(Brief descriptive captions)
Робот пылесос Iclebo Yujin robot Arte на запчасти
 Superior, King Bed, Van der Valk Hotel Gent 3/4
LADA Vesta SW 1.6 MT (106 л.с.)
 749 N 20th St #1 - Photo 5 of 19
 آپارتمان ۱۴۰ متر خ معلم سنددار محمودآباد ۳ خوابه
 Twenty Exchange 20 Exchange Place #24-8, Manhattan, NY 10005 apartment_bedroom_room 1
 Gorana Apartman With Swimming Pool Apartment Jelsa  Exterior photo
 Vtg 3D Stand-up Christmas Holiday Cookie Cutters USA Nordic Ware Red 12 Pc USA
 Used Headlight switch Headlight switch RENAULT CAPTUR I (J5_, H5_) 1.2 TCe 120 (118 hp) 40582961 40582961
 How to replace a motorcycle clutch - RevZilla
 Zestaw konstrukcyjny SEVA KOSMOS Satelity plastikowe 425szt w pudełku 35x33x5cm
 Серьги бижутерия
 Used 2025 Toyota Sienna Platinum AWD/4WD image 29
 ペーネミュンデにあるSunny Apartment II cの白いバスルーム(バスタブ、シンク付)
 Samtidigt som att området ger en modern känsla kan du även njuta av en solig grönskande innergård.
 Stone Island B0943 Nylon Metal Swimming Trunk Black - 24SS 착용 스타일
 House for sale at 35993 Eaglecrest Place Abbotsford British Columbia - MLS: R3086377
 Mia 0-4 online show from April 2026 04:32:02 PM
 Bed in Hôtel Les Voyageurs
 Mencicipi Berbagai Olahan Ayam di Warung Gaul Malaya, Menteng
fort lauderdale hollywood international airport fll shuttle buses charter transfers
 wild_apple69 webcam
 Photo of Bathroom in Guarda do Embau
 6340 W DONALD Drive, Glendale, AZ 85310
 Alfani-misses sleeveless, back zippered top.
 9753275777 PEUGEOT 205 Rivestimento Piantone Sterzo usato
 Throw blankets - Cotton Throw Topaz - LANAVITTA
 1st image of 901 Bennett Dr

## Activity
Only the lines from the one with "House for sale" to the end of the entries above belong in your answer. Retype them exactly.

## Answer to the problem
 House for sale at 35993 Eaglecrest Place Abbotsford British Columbia - MLS: R3086377
 Mia 0-4 online show from April 2026 04:32:02 PM
 Bed in Hôtel Les Voyageurs
 Mencicipi Berbagai Olahan Ayam di Warung Gaul Malaya, Menteng
fort lauderdale hollywood international airport fll shuttle buses charter transfers
 wild_apple69 webcam
 Photo of Bathroom in Guarda do Embau
 6340 W DONALD Drive, Glendale, AZ 85310
 Alfani-misses sleeveless, back zippered top.
 9753275777 PEUGEOT 205 Rivestimento Piantone Sterzo usato
 Throw blankets - Cotton Throw Topaz - LANAVITTA
 1st image of 901 Bennett Dr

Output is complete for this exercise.